P0401R3: Providing size feedback in the Allocator interface

1. Introduction

This is a library paper to describe how size feedback can be used with allocators:

In the case of std::allocator, the language feature proposed in [P0901R5] could be used.
In the case of custom allocators, the availability of the traits interface allows standard library containers to leverage this functionality.

2. Motivation

Consider code adding elements to vector:

std::vector<int> v = {1, 2, 3};
// Expected: v.capacity() == 3

// Add an additional element, triggering a reallocation.
v.push_back(4);

Many allocators only allocate in fixed-sized chunks of memory, rounding up requests. Our underlying heap allocator received a request for 12 bytes (3 * sizeof(int)) while constructing v. For several implementations, this request is turned into a 16 byte region.

2.1. Why not `realloc`

realloc poses several problems problems:

We have unclear strategies for growing a container. Consider the two options (a and b) outlined in the comments of the example below. Assume, as with the §2 Motivation example, that there is a 16 byte size class for our underlying allocator.
```
std::vector<int> v = {1, 2, 3};
// Expected: v.capacity() == 3

// Add an additional element.  Does the vector:
// a) realloc(sizeof(int) * 4), adding a single element
// b) realloc(sizeof(int) * 6), attempt to double, needing reallocation
v.push_back(4);

// Add another element.
// a) realloc(sizeof(int) * 5), fails in-place, requires reallocation
// b) size + 1 <= capacity, no reallocation required
v.push_back(5);
```
Option a requires every append (after the initial allocation) try to realloc, requiring an interaction with the allocator each time.

Option b requires guesswork to probe the allocator’s true size. By doubling (the typical growth pattern for std::vector in libc++ and libstdc++), we skip past the existing allocation’s size boundary. While we can use a reduced growth rate, doing so requires more interactions with the allocator (calls to realloc), as well as copies (when we cannot resize in-place).

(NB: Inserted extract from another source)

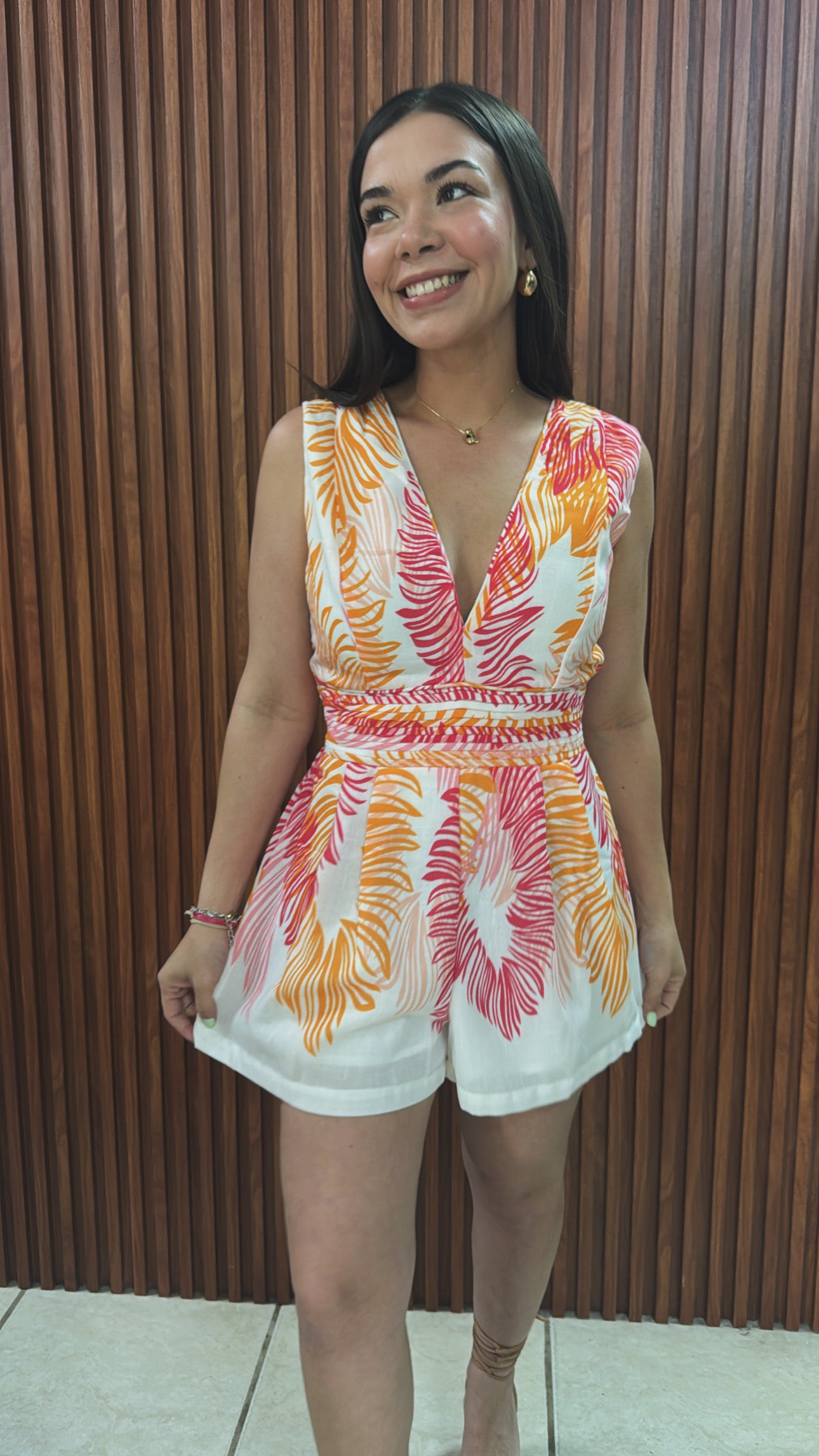 Rosabelle Romper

Both of these options add extra branching on the control flow for growing the buffer.
When the allocator cannot resize the buffer in-place, it allocates new memory and memcpy's the contents. For non-trivially copyable types, this is disastrous. The language lacks support for reallocating in-place without moving. While this function could be implemented as magic library function, it could not interact with many underlying malloc implementations (libc, in the case of libc++ and libstdc++) used to build operator new, nor could it interact with user-provided replacement functions.

In-place reallocation has been considered in [N3495] (throwing std::bad_alloc when unable) and [P0894R1] (returning false when unable). This has sometimes been referred to as an "extend" or an "expand" interface. Extending an existing allocation requires a round-trip to the allocator (and its requisite branch/call overheads) to determine whether the allocation could be expanded. As discussed previously, we need to probe for the true size of the backing object (until we find extend fails) until we give up and apply a multiplicative expansion factor.

For fixed-size allocators it makes more sense, and is much simpler for containers to adapt to, if the allocator is able to over-allocate on the initial request and inform the caller how much memory was made available.

2.2. Why not ask the allocator for the size

We could also explore APIs that answer the question: "If I ask for N bytes, how many do I actually get?" [jemalloc] and [TCMalloc] call this nallocx.

nallocx requires an extra call / size calculation. This requires we duplicate work, as the size calculation is performed as part of allocation itself.
nallocx impairs telemetry for monitoring allocation request sizes. If a nallocx return value is cached, the user appears to be asking for exactly as many bytes as nallocx said they would get.

See also [P0901R5]'s discussion "nallocx: not as awesome as it looks."

3. Proposal

Wording relative to [N4800].

We propose a free function to return the allocation size simultaneously with an allocation.

Amend [allocator.requirements]:

template<typename Pointer> struct allocation_result { Pointer ptr; size_t count; };

The class template allocation_result has the template parameters, data members, and special members specified above. It has no base classes or members other than those specified.

template<typename Allocator> constexpr allocation_result<Allocator::pointer> allocate_at_least(Allocator& a, size_t n);

Effects: Let s be the result of allocate_at_least(a, n). Memory is allocated for at least n objects of type T but objects are not constructed.
Returns: allocation_result{ptr, m}, where ptr is that memory and m is the number of objects for which memory has been allocated, such that m>=n.
[ Note: If s.count == 0, the value of s.ptr is unspecified. -- end note]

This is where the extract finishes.